Reputation: 1610
Object should implement Writable
interface in order to be serialized when transmitted in Hadoop. Take the Lucene ScoreDoc
class as an example:
public class ScoreDoc implements java.io.Serializable {
/** The score of this document for the query. */
public float score;
/** Expert: A hit document's number.
* @see Searcher#doc(int) */
public int doc;
/** Only set by {@link TopDocs#merge} */
public int shardIndex;
/** Constructs a ScoreDoc. */
public ScoreDoc(int doc, float score) {
this(doc, score, -1);
}
/** Constructs a ScoreDoc. */
public ScoreDoc(int doc, float score, int shardIndex) {
this.doc = doc;
this.score = score;
this.shardIndex = shardIndex;
}
// A convenience method for debugging.
@Override
public String toString() {
return "doc=" + doc + " score=" + score + " shardIndex=" + shardIndex;
}
}
How should I serialize it with Writable
interface? What is the connection between Writable
and java.io.serializable
interface?
Upvotes: 0
Views: 4296
Reputation: 6169
I think that it wont be a good idea to tamper with the in-built Lucene class. Instead, have your own class which can will contain the fields of ScoreDoc type and would implement Hadoop writable in interface.
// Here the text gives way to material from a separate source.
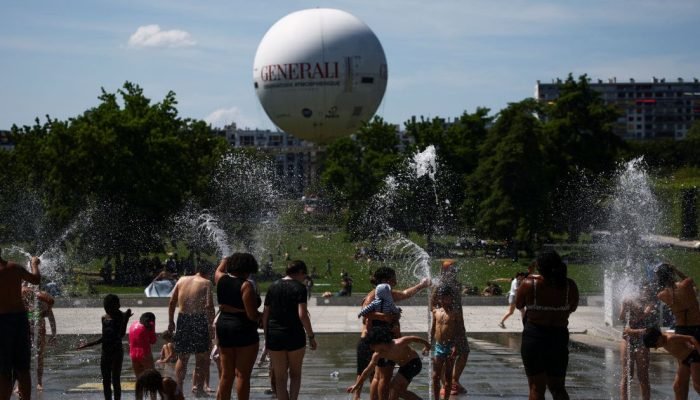 Pessoas brincam em uma fonte no Parque André Citroën enquanto as temperaturas sobem em Paris, d...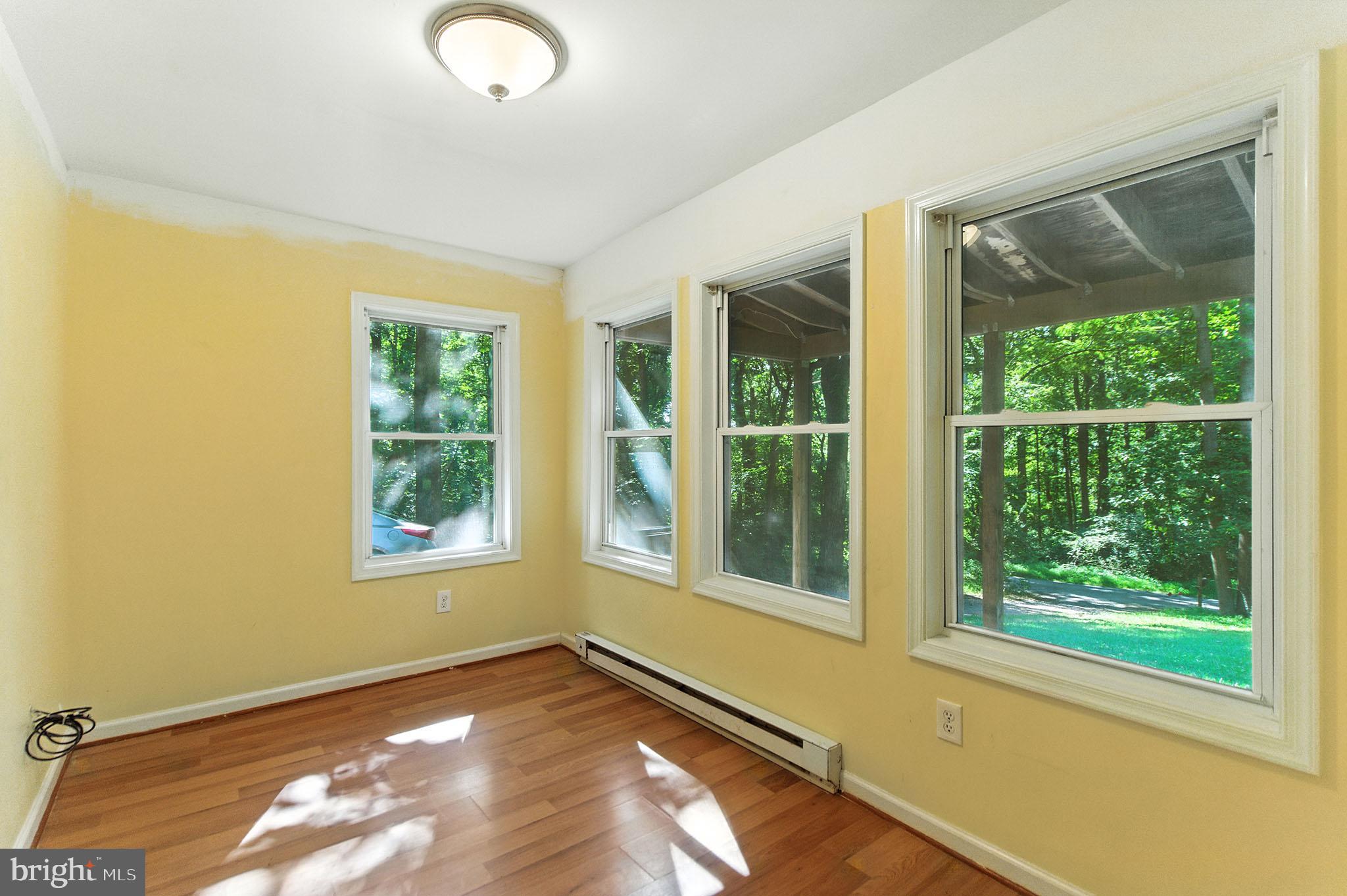 106 Inca Road Linden, VA 22642 - Photo 5 of 17 an empty room with wooden floor and windows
It would be something like this:
public class MyScoreDoc implements Writable {
private ScoreDoc sd;
public void write(DataOutput out) throws IOException {
String [] splits = sd.toString().split(" ");
// get the score value from the string
Float score = Float.parseFloat((splits[0].split("="))[1]);
// do the same for doc and shardIndex fields
// ....
out.writeInt(score);
out.writeInt(doc);
out.writeInt(shardIndex);
}
public void readFields(DataInput in) throws IOException {
float score = in.readInt();
int doc = in.readInt();
int shardIndex = in.readInt();
sd = new ScoreDoc (score, doc, shardIndex);
}
//String toString()
}
Upvotes: 1
Reputation: 4598
First see Hadoop: Easy way to have object as output value without Writable interface you can use Java serialization OR
See http://developer.yahoo.com/hadoop/tutorial/module5.html you need to make your own write and read function, its quite simple as inside can call the API to read and write int, flaot, string etc
Your example with Writable (need to import it)
public class ScoreDoc implements java.io.Serializable, Writable {
/** The score of this document for the query. */
public float score;//... as in above
public void write(DataOutput out) throws IOException {
out.writeInt(score);
out.writeInt(doc);
out.writeInt(shardIndex);
}
public void readFields(DataInput in) throws IOException {
score = in.readInt();
doc = in.readInt();
shardIndex = in.readInt();
}
//rest toStirng etc
}
Note : order of write and read should be the same or value of one will go to other, and if you have different types will get serialization errors on read
Upvotes: 0